米兵らの事件処理を規定する日米地位協定に関する公文書が一転して非公開となったことは、知る権利との関係から議論を呼びそうだ。
国会図書館は削除した理由について「政府の意思を尊重した」と釈明するが、資料は90年に入手、その後閲覧対象となっていた。
閲覧再開は困難としている。

資料は、法務省刑事局が72年に作成した「合衆国軍隊等に対する刑事裁判権関係実務資料」。
米兵の事件処理について、53年以降に法務省刑事局や最高検察庁が作成した通達などを掲載、解説している。
裁判権行使については「この種事件の特殊政党に鑑み、捜査処理上留意を要する」と記載。

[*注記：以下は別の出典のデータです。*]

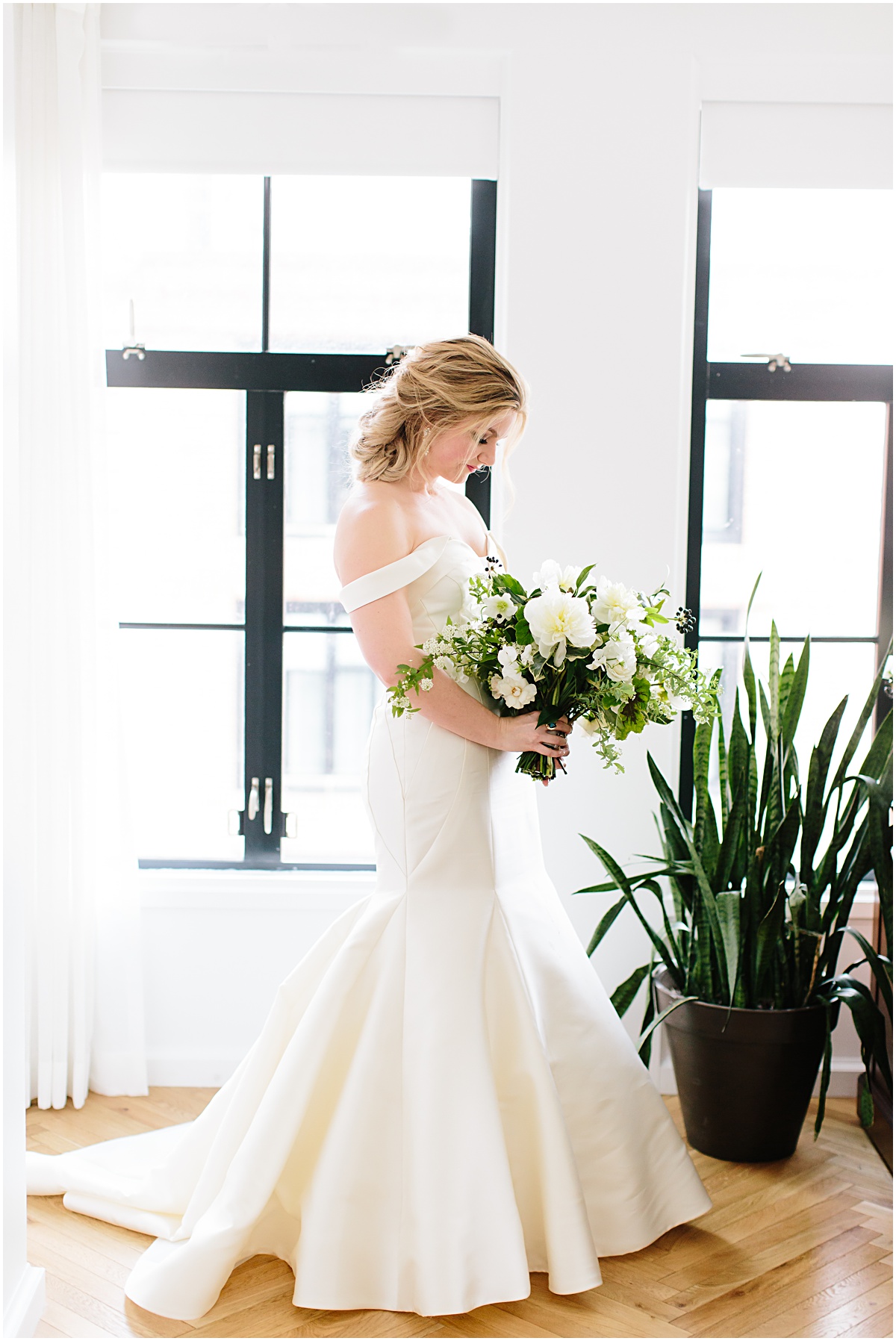 Bride getting ready at The LINE DC |  | The 10 Best DC Hotels for  Getting Ready on Your Wedding Day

重要事件以外は裁判権を行使せず「起訴猶予」とするよう指示した53年の刑事局長通達や、日本側の第一次裁判権が及ばないとされる「公務」の範囲を通勤や職場の飲酒にまで拡大した文書も含んでいた。
こうした通達は日米地位協定の運用に影響しているとみられる。
国会図書館は「文書作成機関の要請に配慮する必要があり、その意思が変わらなければ、閲覧再開は困難」としている。

国内向けにつじつま
日米地位協定に詳しい本間浩法政大名誉教授(国際法)の話
法務省が米兵事件処理に関する文書非開示を要請したのは、「刑事裁判権の放棄はない」などとする日本政府の国内向け説明を守ることが目的ではないか。
日米合意に基づく、一連の通達が非開示とされているのは米側の意向が働いているのだろうが、米国には一定年数を経た政府文書について情報公開の原則が確立されている。
日本の司法を含む当局が、米兵が事件を起こしたとき被害者となりうる国民の人権に関する重要な情報を隠してしまったことは情けない。

米国との信頼に支障
法務省刑事局の話
資料集は「秘扱い」のもので公開対象になっているのは適当ではないと判断し国会図書館に公開対象から外すよう要請した。
公開されれは、米国との信頼関係や、公共の安全と秩序維持に支障を及ぼす虞がある。
資料集の中身については回答を差し控えたい。